(Data shown begins)
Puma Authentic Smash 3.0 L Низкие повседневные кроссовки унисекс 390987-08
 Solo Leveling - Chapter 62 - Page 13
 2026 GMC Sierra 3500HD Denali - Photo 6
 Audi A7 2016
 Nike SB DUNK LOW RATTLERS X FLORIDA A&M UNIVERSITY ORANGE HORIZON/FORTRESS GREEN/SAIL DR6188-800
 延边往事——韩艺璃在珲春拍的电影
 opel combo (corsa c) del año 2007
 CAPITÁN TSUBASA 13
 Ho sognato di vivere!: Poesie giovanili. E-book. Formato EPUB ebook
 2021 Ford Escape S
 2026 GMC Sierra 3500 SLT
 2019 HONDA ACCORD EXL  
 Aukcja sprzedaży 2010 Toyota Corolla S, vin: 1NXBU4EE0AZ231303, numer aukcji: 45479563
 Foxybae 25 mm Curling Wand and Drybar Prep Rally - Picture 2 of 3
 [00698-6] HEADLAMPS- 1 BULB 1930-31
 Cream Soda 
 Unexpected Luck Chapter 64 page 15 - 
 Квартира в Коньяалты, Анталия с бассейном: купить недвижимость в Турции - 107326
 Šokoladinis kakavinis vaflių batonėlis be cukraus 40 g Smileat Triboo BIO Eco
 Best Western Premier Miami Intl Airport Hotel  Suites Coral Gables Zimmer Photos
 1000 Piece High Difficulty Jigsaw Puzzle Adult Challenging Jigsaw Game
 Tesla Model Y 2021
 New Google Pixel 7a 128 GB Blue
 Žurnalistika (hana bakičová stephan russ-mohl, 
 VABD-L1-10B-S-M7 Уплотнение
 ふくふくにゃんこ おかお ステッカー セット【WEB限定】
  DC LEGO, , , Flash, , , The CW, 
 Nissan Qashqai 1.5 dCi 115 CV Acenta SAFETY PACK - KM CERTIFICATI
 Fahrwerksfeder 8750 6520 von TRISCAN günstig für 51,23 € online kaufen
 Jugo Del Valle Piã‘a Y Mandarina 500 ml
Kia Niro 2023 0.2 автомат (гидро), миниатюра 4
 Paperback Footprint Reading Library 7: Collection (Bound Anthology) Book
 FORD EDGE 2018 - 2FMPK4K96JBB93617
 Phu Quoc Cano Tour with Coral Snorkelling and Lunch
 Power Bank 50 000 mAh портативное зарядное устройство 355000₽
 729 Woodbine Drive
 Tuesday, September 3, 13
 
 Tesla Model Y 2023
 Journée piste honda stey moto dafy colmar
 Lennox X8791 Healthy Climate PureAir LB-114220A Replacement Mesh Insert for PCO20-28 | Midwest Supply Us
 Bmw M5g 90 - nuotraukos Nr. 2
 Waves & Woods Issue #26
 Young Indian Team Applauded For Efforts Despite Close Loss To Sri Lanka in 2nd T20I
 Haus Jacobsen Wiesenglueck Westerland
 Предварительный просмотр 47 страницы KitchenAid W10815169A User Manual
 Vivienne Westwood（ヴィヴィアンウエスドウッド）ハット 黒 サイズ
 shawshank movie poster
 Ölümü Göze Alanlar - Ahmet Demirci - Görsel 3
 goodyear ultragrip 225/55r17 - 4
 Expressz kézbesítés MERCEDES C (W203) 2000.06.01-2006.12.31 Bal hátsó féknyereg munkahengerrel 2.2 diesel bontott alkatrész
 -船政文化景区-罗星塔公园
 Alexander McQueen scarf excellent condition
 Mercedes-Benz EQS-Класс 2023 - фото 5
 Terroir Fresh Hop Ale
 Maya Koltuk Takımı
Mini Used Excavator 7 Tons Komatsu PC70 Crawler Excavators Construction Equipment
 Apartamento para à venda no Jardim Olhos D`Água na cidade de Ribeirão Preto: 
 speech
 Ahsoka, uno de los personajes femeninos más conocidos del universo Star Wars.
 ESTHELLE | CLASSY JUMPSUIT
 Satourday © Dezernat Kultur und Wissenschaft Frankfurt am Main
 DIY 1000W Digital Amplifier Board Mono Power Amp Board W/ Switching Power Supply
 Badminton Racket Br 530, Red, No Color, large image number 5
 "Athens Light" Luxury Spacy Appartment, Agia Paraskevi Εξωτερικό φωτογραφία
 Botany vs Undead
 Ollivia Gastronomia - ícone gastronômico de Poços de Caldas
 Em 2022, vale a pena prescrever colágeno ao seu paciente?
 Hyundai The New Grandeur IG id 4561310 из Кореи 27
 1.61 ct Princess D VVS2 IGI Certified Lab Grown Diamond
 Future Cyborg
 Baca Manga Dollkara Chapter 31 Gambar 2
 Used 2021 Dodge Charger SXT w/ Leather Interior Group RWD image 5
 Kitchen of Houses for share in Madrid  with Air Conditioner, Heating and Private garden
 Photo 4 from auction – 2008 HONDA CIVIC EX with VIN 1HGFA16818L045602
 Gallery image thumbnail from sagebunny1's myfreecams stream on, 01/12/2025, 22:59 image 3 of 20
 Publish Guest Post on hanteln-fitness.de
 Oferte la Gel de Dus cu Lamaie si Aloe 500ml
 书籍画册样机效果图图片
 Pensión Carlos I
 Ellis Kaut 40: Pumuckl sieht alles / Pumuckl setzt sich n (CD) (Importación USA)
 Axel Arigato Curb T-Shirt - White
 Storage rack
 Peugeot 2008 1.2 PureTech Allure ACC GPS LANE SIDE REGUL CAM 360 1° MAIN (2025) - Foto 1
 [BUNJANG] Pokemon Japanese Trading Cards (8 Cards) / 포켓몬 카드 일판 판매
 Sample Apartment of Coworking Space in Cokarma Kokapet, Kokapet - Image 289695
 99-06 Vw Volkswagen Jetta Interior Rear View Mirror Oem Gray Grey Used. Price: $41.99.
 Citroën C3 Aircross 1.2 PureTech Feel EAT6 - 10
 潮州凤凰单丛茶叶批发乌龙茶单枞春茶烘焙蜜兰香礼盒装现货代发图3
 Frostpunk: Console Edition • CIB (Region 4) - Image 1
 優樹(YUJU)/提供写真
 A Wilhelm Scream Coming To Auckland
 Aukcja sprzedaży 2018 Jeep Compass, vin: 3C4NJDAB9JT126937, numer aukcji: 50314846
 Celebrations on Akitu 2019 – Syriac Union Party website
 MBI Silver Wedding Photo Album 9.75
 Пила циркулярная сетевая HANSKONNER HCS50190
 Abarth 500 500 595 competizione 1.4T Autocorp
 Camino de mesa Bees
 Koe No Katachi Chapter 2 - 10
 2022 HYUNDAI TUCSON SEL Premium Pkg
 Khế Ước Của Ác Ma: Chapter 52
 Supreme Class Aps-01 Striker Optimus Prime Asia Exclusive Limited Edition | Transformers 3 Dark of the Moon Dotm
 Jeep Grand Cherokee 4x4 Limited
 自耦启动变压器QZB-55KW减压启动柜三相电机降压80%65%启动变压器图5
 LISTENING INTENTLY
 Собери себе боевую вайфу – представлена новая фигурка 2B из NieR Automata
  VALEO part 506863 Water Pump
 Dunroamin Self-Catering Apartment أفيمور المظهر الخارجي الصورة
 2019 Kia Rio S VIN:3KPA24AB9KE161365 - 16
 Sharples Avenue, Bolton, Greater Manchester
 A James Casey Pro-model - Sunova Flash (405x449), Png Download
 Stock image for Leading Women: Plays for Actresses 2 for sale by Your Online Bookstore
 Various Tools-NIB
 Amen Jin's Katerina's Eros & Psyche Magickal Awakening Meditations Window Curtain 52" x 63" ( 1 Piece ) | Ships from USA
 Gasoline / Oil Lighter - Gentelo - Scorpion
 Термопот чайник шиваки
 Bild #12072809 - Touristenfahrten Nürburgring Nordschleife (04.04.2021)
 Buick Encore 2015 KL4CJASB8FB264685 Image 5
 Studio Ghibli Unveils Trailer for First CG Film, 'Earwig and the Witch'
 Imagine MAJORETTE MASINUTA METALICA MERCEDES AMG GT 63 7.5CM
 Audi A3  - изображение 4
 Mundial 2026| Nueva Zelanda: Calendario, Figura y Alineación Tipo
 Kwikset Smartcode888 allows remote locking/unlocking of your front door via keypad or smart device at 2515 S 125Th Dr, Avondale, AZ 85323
(Data shown ends)
● **What the exercise asks**
The line above containing "Jugo Del Valle Piã‘a Y Mandarina 500 ml", the line containing "Journée piste honda stey moto dafy colmar", and every line between them are to be transcribed exactly; no other line is wanted.

● **Solution**
 Jugo Del Valle Piã‘a Y Mandarina 500 ml
Kia Niro 2023 0.2 автомат (гидро), миниатюра 4
 Paperback Footprint Reading Library 7: Collection (Bound Anthology) Book
 FORD EDGE 2018 - 2FMPK4K96JBB93617
 Phu Quoc Cano Tour with Coral Snorkelling and Lunch
 Power Bank 50 000 mAh портативное зарядное устройство 355000₽
 729 Woodbine Drive
 Tuesday, September 3, 13
 
 Tesla Model Y 2023
 Journée piste honda stey moto dafy colmar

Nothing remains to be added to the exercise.